2017-06-01 45 views
0

我是R的新用户,并且正在尝试创建数据框的多个子采样。我将我的数据分配到4层(STRATUM = 1,2,3,4),并且希望在每个层中只保留指定数量的行。为了实现这一点,我导入我的数据,按分层值排序,然后为每行分配一个随机数。我想保留我原来的随机数字分配,因为我需要在未来的分析中再次使用它们,所以我用这些值保存了一个.csv。接下来,我按他们的层次对数据进行分组,然后指定我想要在每个层中保留的记录数。最后,我重新加入数据并保存为新的.csv。代码有效,但是,我想重复这个过程100次。在每种情况下,我想要保存带有随机数字的.csv,以及最终的.csv随机选择的图。我不确定如何让这段代码重复100次,以及如何为每次迭代分配一个唯一的文件名。任何帮助将非常感激。

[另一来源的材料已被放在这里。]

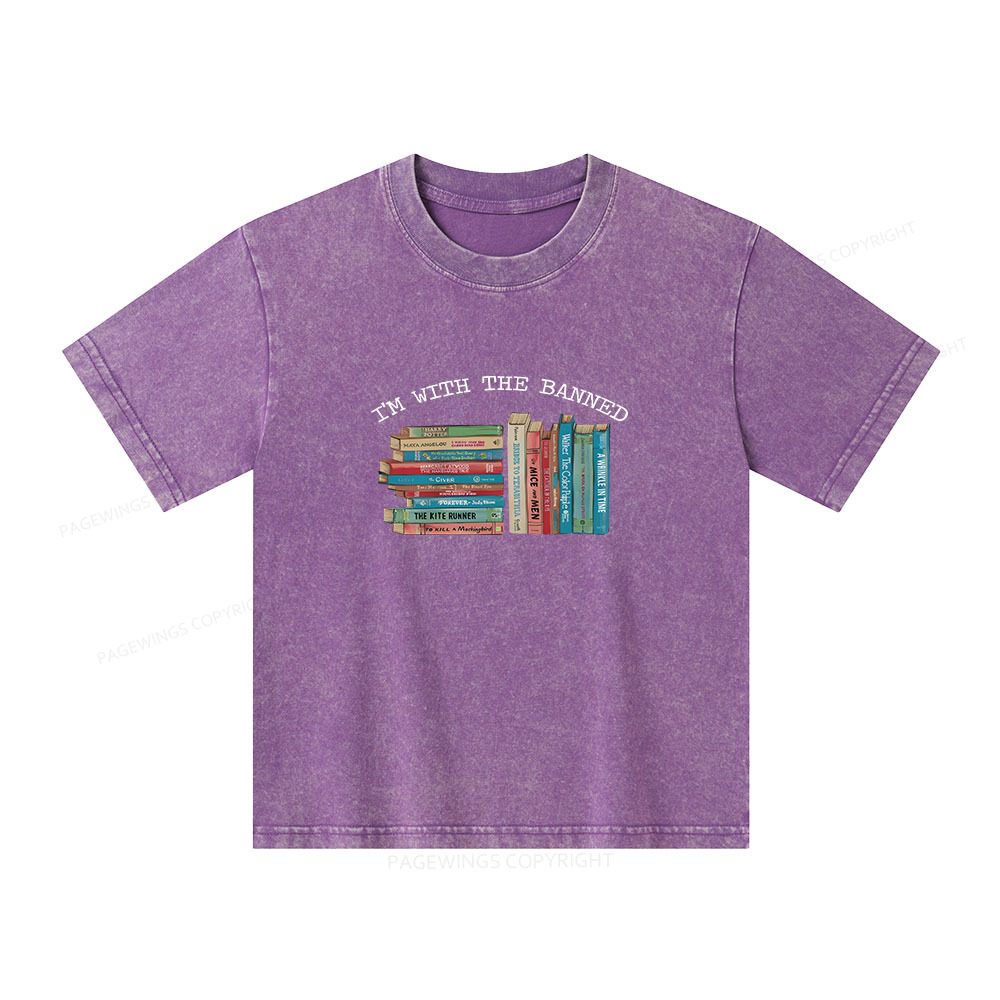 Pagewings I'm With The Banned Books Shirt Unisex Kids Washed T-shirt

R - 如何使用新的随机数字重复数据帧处理100x并绘制删除

DataFiles <- "//Documents/flownData_JR.csv" 
PlotsFlown <- read.table (file = DataFiles, header = TRUE, sep = ",") 
#Sort the data by the stratification 
FlownStratSort <- PlotsFlown[order(PlotsFlown$STRATUM),] 
#Create a new column with a random number (no duplicates) 
FlownStratSort$RAND_NUM <- sample(137, size = nrow(FlownStratSort), replace = FALSE) 
#Sort by the stratum, then random number 
FLOWNRAND <- FlownStratSort[order(FlownStratSort$STRATUM,FlownStratSort$RAND_NUM),] 
#Save a csv file with the random numbers 
write.table(FLOWNRAND, file = "//Documents/RANDNUM1_JR.csv", sep = ",", row.names = FALSE, col.names = TRUE) 
#Subset the data by stratum 
FLOWNRAND1 <- FLOWNRAND[which(FLOWNRAND$STRATUM=='1'),] 
FLOWNRAND2 <- FLOWNRAND[which(FLOWNRAND$STRATUM=='2'),] 
FLOWNRAND3 <- FLOWNRAND[which(FLOWNRAND$STRATUM=='3'),] 
FLOWNRAND4 <- FLOWNRAND[which(FLOWNRAND$STRATUM=='4'),] 
#Remove data from each stratum, specifying the number of records we want to retain 
FLOWNRAND1 <- FLOWNRAND1[1:34, ] 
FLOWNRAND2 <- FLOWNRAND2[1:21, ] 
FLOWNRAND3 <- FLOWNRAND3[1:7, ] 
FLOWNRAND4 <- FLOWNRAND4[1:7, ] 
#Rejoin the data 
FLOWNRAND_uneven <- rbind(FLOWNRAND1, FLOWNRAND2, FLOWNRAND3, FLOWNRAND4) 
#Save the table with plots removed from each stratum flown in 2017 
write.table(FLOWNRAND_uneven, file = "//Documents/Flown_RAND_uneven_JR.csv", sep = ",", row.names = FALSE, col.names = TRUE) 

回答

0

这里有一个data.table解决方案,如果你只需要知道哪些行是在每一组。

library(data.table) 
df <- data.table(dat = runif(100), 
       stratum = sample(1:4, 100, replace = T)) 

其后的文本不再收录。